Oui, même s'il ne l'aurait jamais avoué à ses collègues de l'Agence, il lui arrivait de temps en temps de rencontrer le mafieux dans des circonstances plutôt amicales. Ces rendez-vous survenaient souvent lors de leurs jours de repos - plus que rares dans le cas d'Akutagawa - et se déroulaient toujours d'une façon calme, posée, agréable, qui avait rendu le jeune détective aux cheveux gris très perplexe au début. Difficile de croire que ce mafieux qui répétait l'exécrer était capable de tolérer sa présence toute une journée sans essayer de le tuer. Et pourtant, à part ses attaques verbales répétées, il ne tentait jamais rien.

Le détective se laissa entraîner jusque dans le salon du mafieux. Celui-ci arborait toujours une expression impassible qui ne permettait pas au jeune homme de deviner ses véritables intentions. Il essayait de rester sur ses gardes malgré tout, mais son crâne le faisait souffrir et il savait parfaitement qu'il n'était pas en état de tenir tête à l'homme violent qu'il avait en face de lui.

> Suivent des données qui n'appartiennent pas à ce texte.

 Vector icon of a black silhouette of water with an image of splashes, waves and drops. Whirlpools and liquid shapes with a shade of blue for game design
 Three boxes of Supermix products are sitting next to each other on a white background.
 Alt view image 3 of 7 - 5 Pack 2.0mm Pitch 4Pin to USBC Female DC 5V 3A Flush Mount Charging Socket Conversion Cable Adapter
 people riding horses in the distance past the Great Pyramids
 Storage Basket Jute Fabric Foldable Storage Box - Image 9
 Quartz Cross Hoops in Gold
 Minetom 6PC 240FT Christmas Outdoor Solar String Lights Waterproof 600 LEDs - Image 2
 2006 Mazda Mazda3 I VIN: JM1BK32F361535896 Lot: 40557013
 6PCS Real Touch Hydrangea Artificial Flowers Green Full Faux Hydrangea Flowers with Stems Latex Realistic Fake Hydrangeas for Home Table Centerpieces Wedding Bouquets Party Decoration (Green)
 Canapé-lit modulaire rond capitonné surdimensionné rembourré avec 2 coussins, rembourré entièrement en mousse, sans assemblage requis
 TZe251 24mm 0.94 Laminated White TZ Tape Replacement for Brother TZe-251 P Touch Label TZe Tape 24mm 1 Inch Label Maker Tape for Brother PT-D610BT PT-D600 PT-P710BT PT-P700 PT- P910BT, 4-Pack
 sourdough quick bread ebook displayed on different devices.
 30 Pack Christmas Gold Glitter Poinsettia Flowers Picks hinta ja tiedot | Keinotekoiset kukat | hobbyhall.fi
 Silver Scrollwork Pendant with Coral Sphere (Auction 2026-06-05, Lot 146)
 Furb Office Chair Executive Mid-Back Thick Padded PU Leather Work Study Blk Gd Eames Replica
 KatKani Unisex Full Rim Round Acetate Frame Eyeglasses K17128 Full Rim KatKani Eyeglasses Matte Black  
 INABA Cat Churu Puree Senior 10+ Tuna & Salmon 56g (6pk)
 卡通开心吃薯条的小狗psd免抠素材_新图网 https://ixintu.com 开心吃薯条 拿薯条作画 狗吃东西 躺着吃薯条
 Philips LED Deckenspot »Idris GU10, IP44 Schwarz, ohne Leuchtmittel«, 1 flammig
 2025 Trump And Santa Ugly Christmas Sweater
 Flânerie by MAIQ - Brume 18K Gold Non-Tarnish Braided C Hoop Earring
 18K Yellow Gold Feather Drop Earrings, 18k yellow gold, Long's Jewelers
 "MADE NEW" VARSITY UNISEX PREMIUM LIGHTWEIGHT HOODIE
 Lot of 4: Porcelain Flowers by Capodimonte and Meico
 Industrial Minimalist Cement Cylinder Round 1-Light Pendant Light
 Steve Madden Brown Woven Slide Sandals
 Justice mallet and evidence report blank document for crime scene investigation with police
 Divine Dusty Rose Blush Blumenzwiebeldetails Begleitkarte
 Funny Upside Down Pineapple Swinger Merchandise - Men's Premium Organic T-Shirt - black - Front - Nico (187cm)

Cependant, Akutagawa ne semblait vraiment pas avoir l'intention de le tuer puisqu'il se tourna vers lui avec son habituelle moue renfrognée.

« Qu'est-ce que tu foutais devant mon appartement ? Tu cherches à mourir ? » Cette mention de la mort n'était pas prononcée sur un ton menaçant, mais elle réveilla tous les doutes et les peurs de son esprit, et il commença à sangloter sous le regard désormais surpris de son interlocuteur.

« D-Désolé..., parvint-il à marmonner entre deux sanglots. C'est juste que... » Il ignorait pourquoi il s'était rendu à l'appartement du mafieux après avoir découvert qu'il commençait à perdre la vision des couleurs. Ses pas l'avaient juste naturellement emmené là-bas.

« Pour information, déclara subitement Akutagawa, j'ai un rendez-vous avec Mori dans deux heures. C'est le temps que je te laisse pour m'expliquer ce qu'il t'arrive. »

Atsushi cligna des yeux quelques secondes, sans voix. Il ne s'attendait pas à une telle sollicitude de la part d'un homme qui essayait de le tuer et lui vouait une haine sans borne à cause de sa relation avec Dazai. Mais il n'avait trouvé le courage de parler à personne parmi ses collègues, et pourtant il en ressentait l'envie, alors au bout d'un instant, il murmura :

« Je commence à ne plus voir les couleurs. » La phrase résonna dans le silence.

« Je vois. » répondit Akutagawa sans états d'âme. Atsushi releva la tête vers lui. Il ne s'attendait pas à ce que le mafieux fonde en larmes non plus, mais quand même, il s'attendait à un peu plus de compassion. Enfin, quoique, ç'aurait peut être été trop étrange également...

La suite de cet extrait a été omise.